TASK OBJECTIVE → Starting at the line that holds "Handmade Boho Floral", restate every line word for word up to and including the last one in the listing below, and omit all pictures.

DATA SEGMENT →
[Start of section]
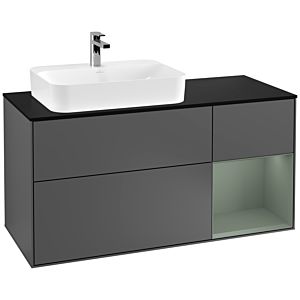 Villeroy et Boch Finion Villeroy et Boch F402GMGK 120cm, plaque de finition noir mat, étagère à droite Olive Matt Lacquer , anthracite mat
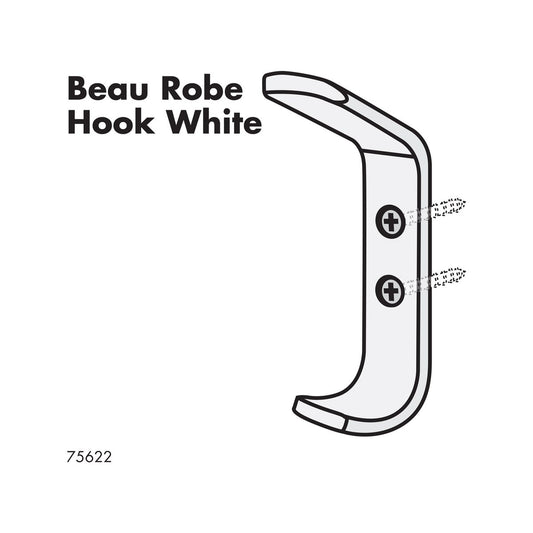 Adoored Double White Beau Deco Hook - 100mm Aluminium - Durable Design – view 2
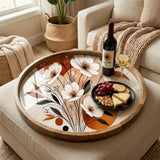 Handmade Boho Floral Mango Wood Serving Tray | Neutral Ottoman Coffee Table Decor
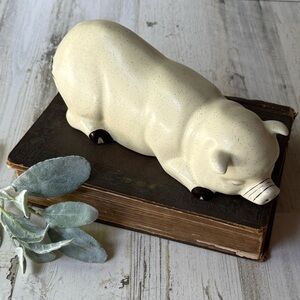Vintage Cream Ceramic Pig Figurine Flambro Countryside Collection Shelf Sitter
[End of section]
RESPONSE BELOW →
 Handmade Boho Floral Mango Wood Serving Tray | Neutral Ottoman Coffee Table Decor
Vintage Cream Ceramic Pig Figurine Flambro Countryside Collection Shelf Sitter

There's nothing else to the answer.